The AI Agent Congress opened with a discussion of the terminology the industry is using to describe AI agents today, and how that terminology might be sharpened. Delegates shared the sense that in the future agents are destined to work together in multi-agent systems; we need specialized terms for the different levels of agent that will work in concert. Some agents will be focused on task completion, others will handle task routing, and still others may offer “meta-cognition” – the ability to think about one’s own thinking to improve a system. OpenAI’s experimental multi-agent framework Swarm proposes a “triage agent” that can execute both routines and handoffs. Perhaps theirs will become the leading framework, perhaps not.
Next, delegates debated the topology of agents that we expect to emerge as the ecosystem grows. Some delegates believed we could come to relate to agents as we do to humans – understanding their skills and personalities, and directing tasks according to their expertise. Others imagined that agent capabilities are likely to consolidate with time, so that ultimately every person will have one personal AI agent and one professional AI agent. Or perhaps agents will consolidate even further, similar to the consolidation we’ve seen on the internet, where many searches begin with Google, whether personal or professional. Any of these futures could come to pass, and the one that does will depend on who owns the stack and distribution endpoints. The kinds of stories we tell about AI agents, particularly in movies, will also influence what gets built and what paradigms emerge.
We also discussed standards, protocols and APIs for agents. The diversity of ideas and approaches to agents that we see today is good to start, but standardization will be important in the medium to long-term. Consumers and companies alike will benefit from agent interoperability and from portability of preferences – both of which depend on standards. One reason why we haven’t yet seen standardization for agents take off is that today’s agents aren’t good at calling deterministic functions. APIs aren’t yet LLM-friendly, but need to be for standards to add value.
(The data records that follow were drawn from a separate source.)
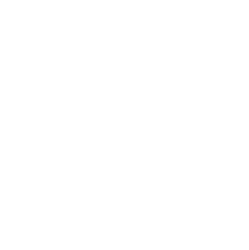 Born2Cycling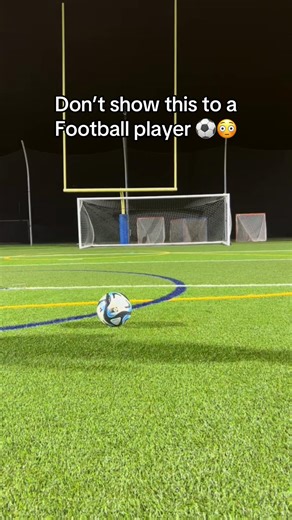 Bluetooth Headband: The Ultimate Soccer Companion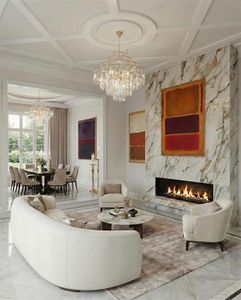 New construction Single-Family house 402 Lakeway Dr, Allen, TX 75013 - image 15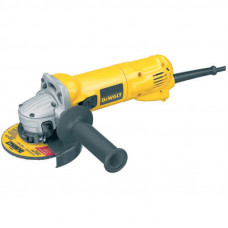 Угловая шлифмашина DeWALT D28134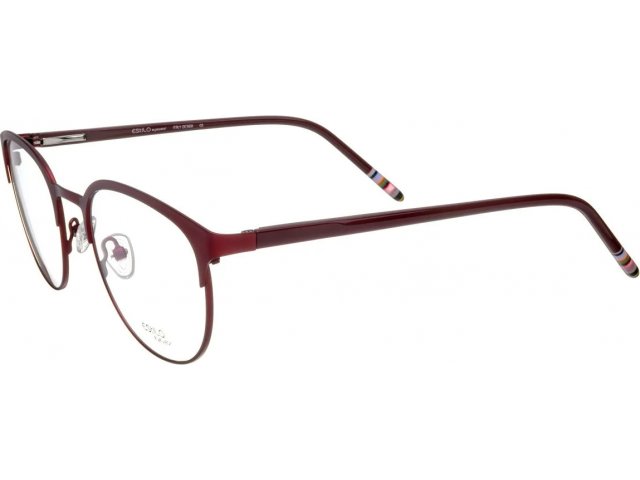 ESTILO ES311 03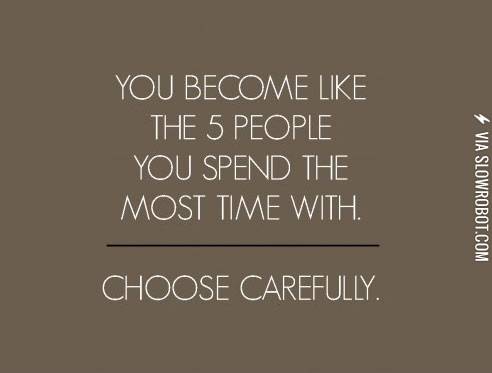 Choose+carefully.
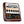 Super Heavy Duty Poly Tarp Cover Thick 16 Mil, 8 oz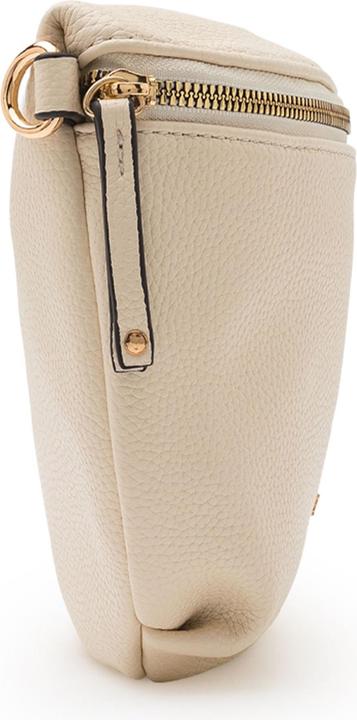 Image du produit L.Credi Oliana Umhängetasche 22 cm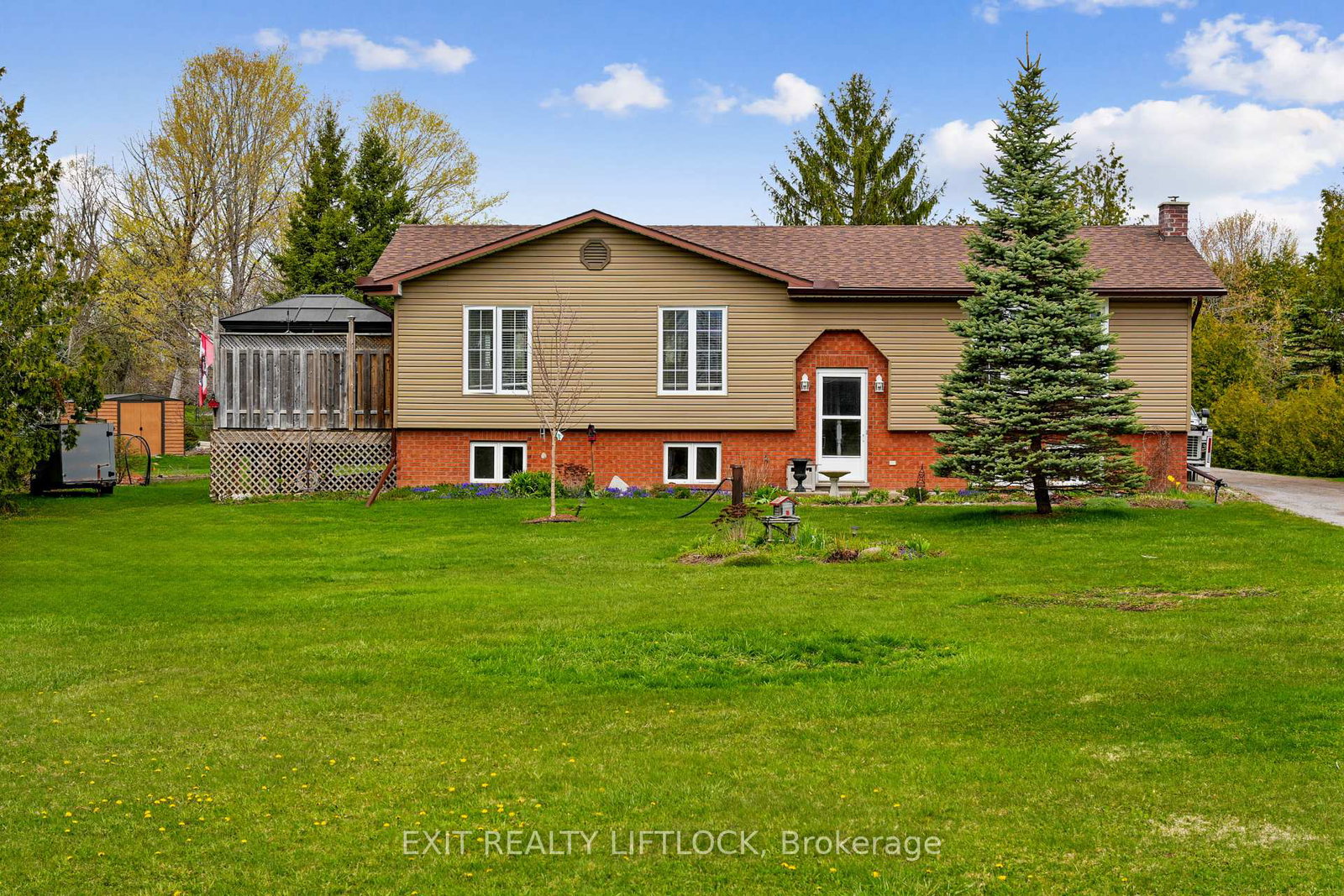 31-killdeer-drive-kawartha-lakes-ontario-x13077106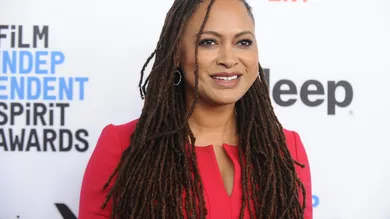 2017 Film Independent Filmmaker Grant And Spirit Award Nominees Brunch - Arrivals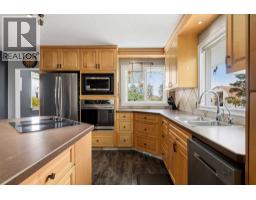 3pc Bathroom - 281014, 274 Range Road, Rural Rocky View County, AB T0M0G0 Photo 11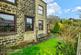 Additional image 18 of Warehouse Hill Road, Marsden, Huddersfield, West Yorkshire, HD7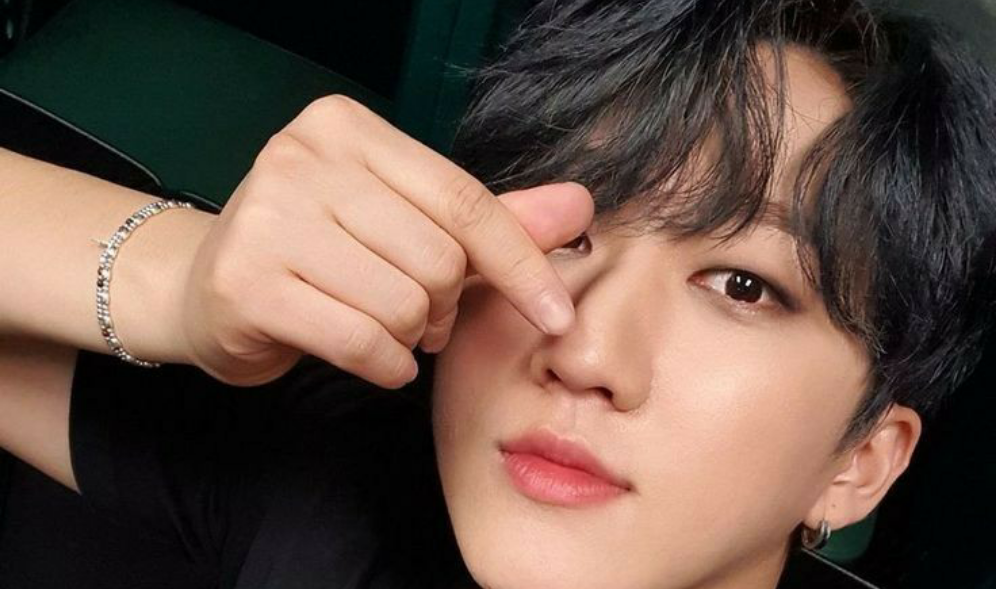 창빈에게 투표하세요 thumbnail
The final hour of AI Agent Congress unfolded in an unconference format, where delegates tackled topics like agent identity, pricing models for agent products, UI/UX for agents, agent memory, and evaluation & observability.
There’s so much more to say and explore when it comes to AI agents that represent consumers – if you’re interested in these topics and have ideas about how CR should be showing up in the AI agent landscape, we’re eager to hear from you! Say hi at innovationlab@cr.consumer.org.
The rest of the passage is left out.